15.  The  Committee  also  notes  that  section  227(2)  of  the  Companies Act, 1956, provides the following:

 

“(2)   The auditor shall make a report to the members of the company on the accounts examined by him, and on every balance sheet and  profit  and  loss  account  and  on  every  other  document declared by this Act to be part of or annexed to the balance sheet  or  profit  and  loss  account,  which  are  laid  before  the company in general meeting during his tenure of office, and the report shall state whether, in his opinion and to the best of his  information  and  according  to  the  explanations  given  to him,  the  said  accounts  give  the  information  required  by this Act in the manner so required and give a true and fair view –

 

(i)         in  the  case  of  the  balance  sheet,  of  the  state  of  the company’s affairs as at the end of its financial year; and

 

(ii)        in the case of the profit and loss account, of the profit or loss for its financial year.” 16.   The Committee is of the view that under clause (d) of section 227(3) of the Companies Act, 1956, the auditor should, with regard to matters covered  under  this  query,  state  that  balance  sheet  and  profit  and  loss account of the company do not comply with AS 2 (revised) and AS 5 (if separate disclosure of prior period item has not been made).

 

17.   For the purpose of reporting under section 227(2) of the Companies Act, 1956, the Committee is of the view that the auditor should consider the amount of interest and other borrowing costs included in the value of closing  inventories.  The  amount  of  interest  and  other  borrowing  costs included in opening inventory would be charged to profit and loss account as  a  prior  period  item either  as  a  part  of  value  of  opening  inventories with a separate disclosure or separately after reducing it from the value of opening inventory as per AS 5. Thus, the amount of interest and other borrowing costs related to opening inventories will, in any case, be debited to the profit and loss account. Therefore, the overall impact on the profit/ loss of the company would only be with respect to the amount of interest and other borrowing costs included in closing inventories. The auditors should  accordingly,  qualify  their  report  in  the  manner  required  in  the Statement on Qualifications in Auditor’s Report issued by the Institute of Chartered Accountants of India. Similarly, if interest and borrowing costs included  in  opening  inventories  have  not  been  disclosed  separately  in accordance with AS 5, the auditors should also qualify their report in this regard.

 

D. Opinion

 

18. On the basis of the above, the Committee is of the following opinion on the issues raised in paragraph 6:

 

(a)        Interest and other borrowing costs on cash credit and overdraft used  for  inventories  should  not  be  included  in  cost  for  the purpose of valuation of inventories.

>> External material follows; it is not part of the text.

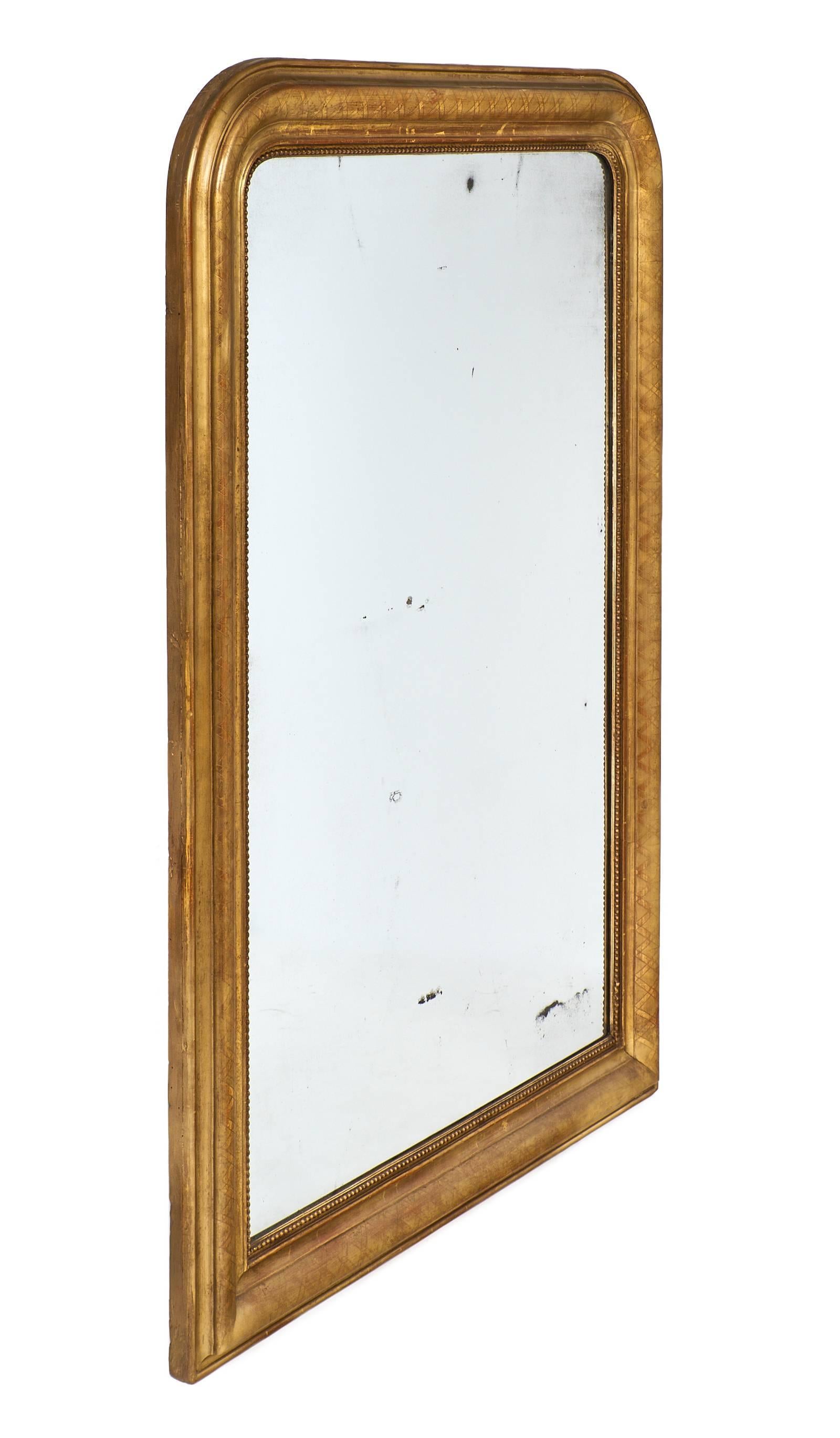 23 carats gold leaf mirror of the Louis Philippe period in France, circa 1845. This stunning piece is very large and has a lovely antique mercury mirror. The frame features geometric details in the gold leaf and a sienna glaze colored undertone.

(b)        In  the  facts  and  circumstances  of  the  case,  even  though  the basis of valuation of opening and closing inventories should be the same, the amount of interest and other borrowing costs related  to  opening  inventories  will  not  have  any  impact  on profit/loss for the period since the said amount would have to be included as a prior period item by way of a charge in the statement  of  profit  and  loss  either  as  a  part  of  opening inventories  with  a  separate  disclosure  or  separately  after reducing  from  the  value  of  opening  inventories.  Thus,  the amount of interest and other borrowing costs included in value of closing inventories should be considered for the purpose of quantifying the qualification in this regard by the auditors.

 

(c)        It  would  not  have  been  sufficient  for  the  auditors  to  simply draw  attention  to  the  accounting  policy  of  the  company  not conforming to AS 2. It was mandatory for the auditors to have qualified  their  report  stating  that  the  valuation  was  not  in consonance  with  AS  2  and  to  have  quantified  the  impact  of qualification  with  reference  to  only  the  closing  stock  in  the facts and circumstances of the case in view of (b) above.

1Opinion finalised by the Committee on 5.7.2001.